TASK REQUIREMENTS:
Would you please give the entries again word for word, with no images in your copy?

Dataset records:
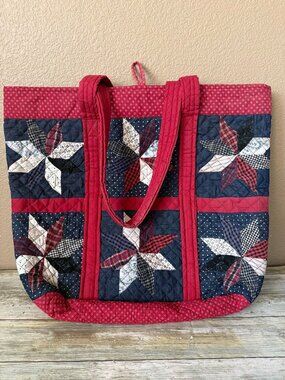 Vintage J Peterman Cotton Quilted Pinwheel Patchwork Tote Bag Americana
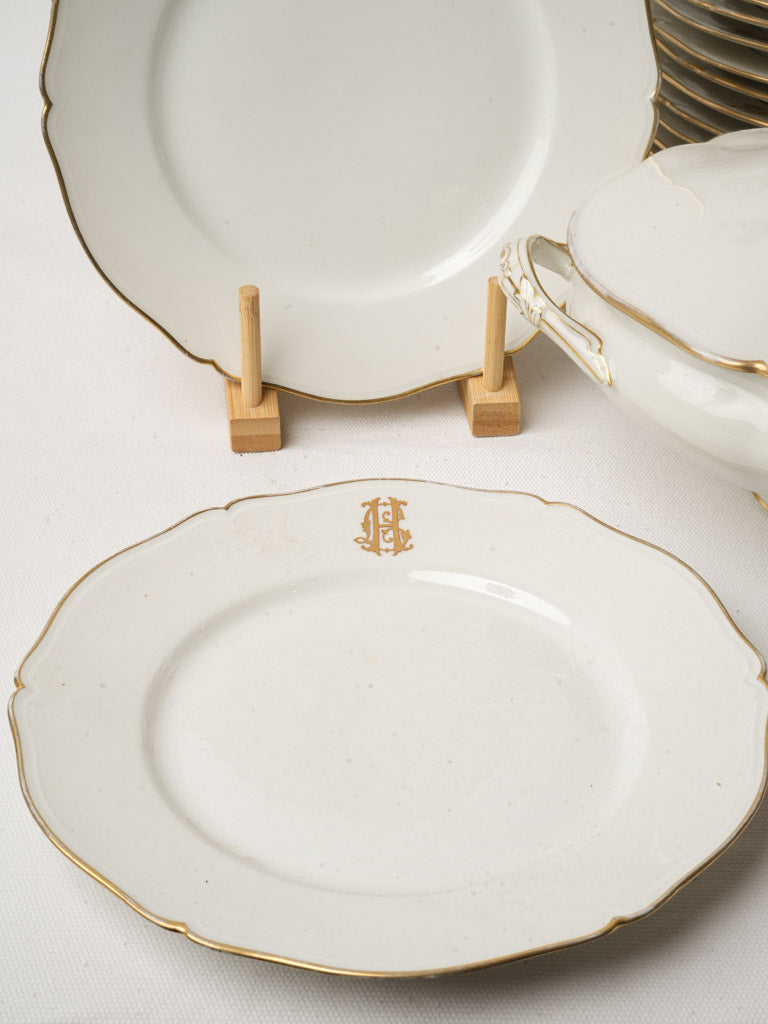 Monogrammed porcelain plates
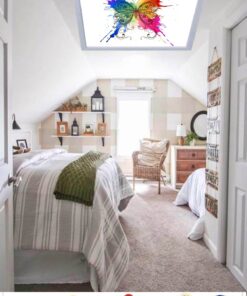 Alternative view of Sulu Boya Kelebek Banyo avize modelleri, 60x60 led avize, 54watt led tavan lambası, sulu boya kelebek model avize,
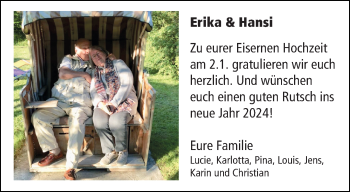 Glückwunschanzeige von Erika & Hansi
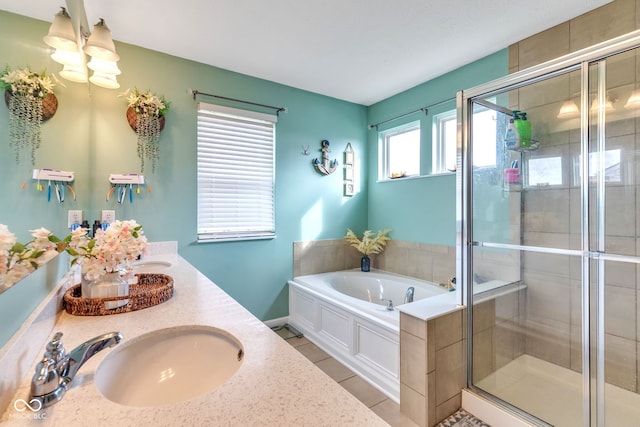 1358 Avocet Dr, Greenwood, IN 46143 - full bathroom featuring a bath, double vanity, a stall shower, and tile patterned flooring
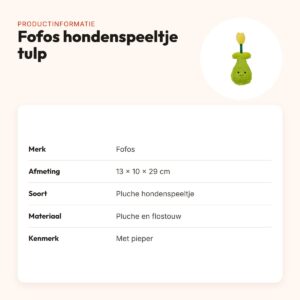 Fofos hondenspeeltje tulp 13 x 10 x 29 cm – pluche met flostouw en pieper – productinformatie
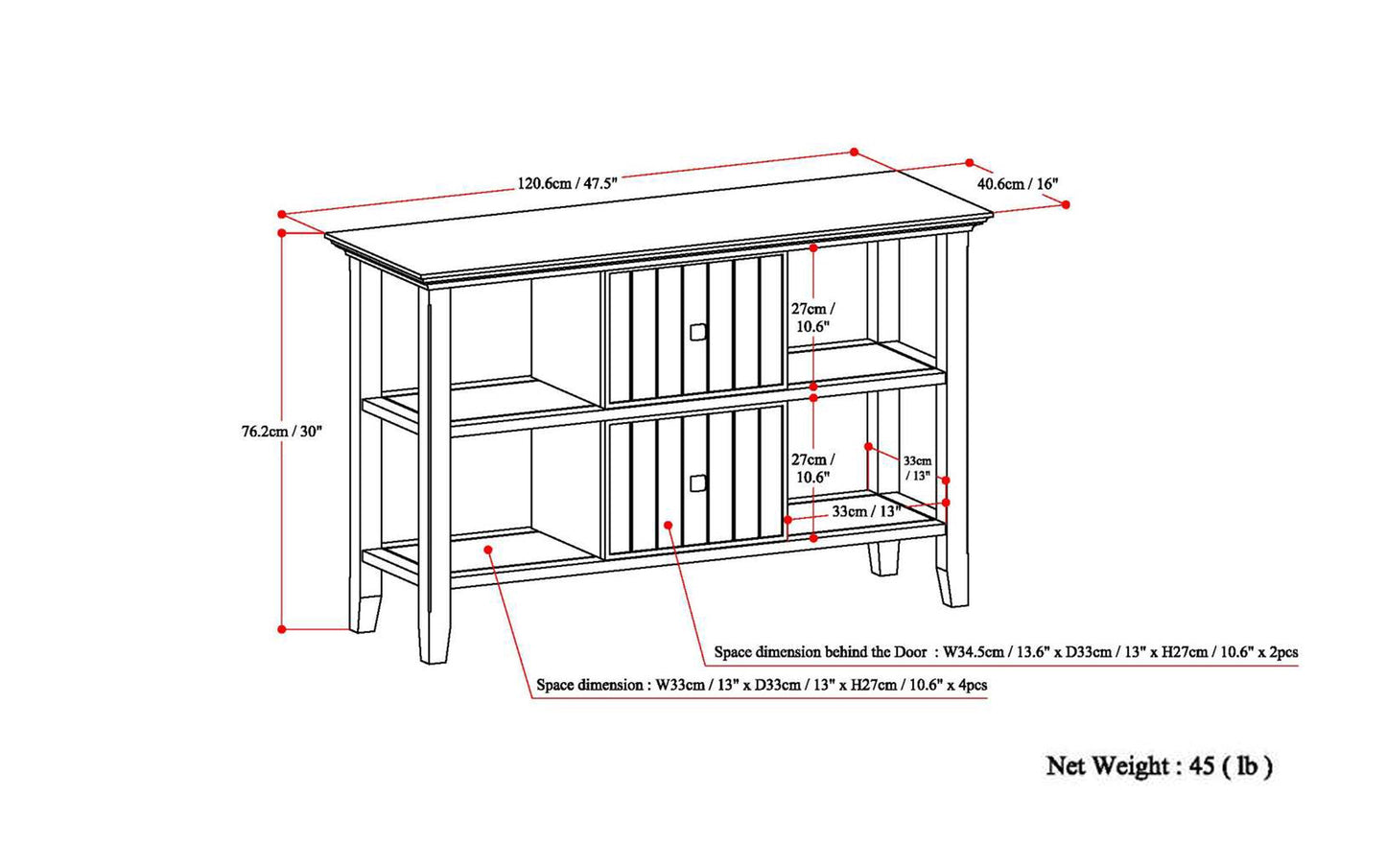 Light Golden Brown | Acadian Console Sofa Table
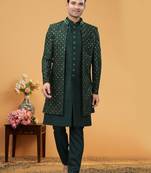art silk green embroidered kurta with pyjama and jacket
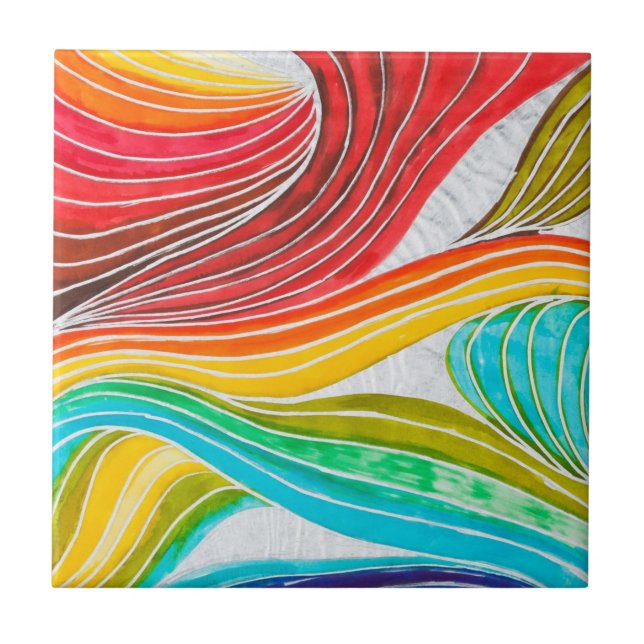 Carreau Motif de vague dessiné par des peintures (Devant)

RESPONSE:
 Vintage J Peterman Cotton Quilted Pinwheel Patchwork Tote Bag Americana
 Monogrammed porcelain plates
 Alternative view of Sulu Boya Kelebek Banyo avize modelleri, 60x60 led avize, 54watt led tavan lambası, sulu boya kelebek model avize,
 Glückwunschanzeige von Erika & Hansi
 1358 Avocet Dr, Greenwood, IN 46143 - full bathroom featuring a bath, double vanity, a stall shower, and tile patterned flooring
 Fofos hondenspeeltje tulp 13 x 10 x 29 cm – pluche met flostouw en pieper – productinformatie
 Light Golden Brown | Acadian Console Sofa Table
art silk green embroidered kurta with pyjama and jacket
 Carreau Motif de vague dessiné par des peintures (Devant)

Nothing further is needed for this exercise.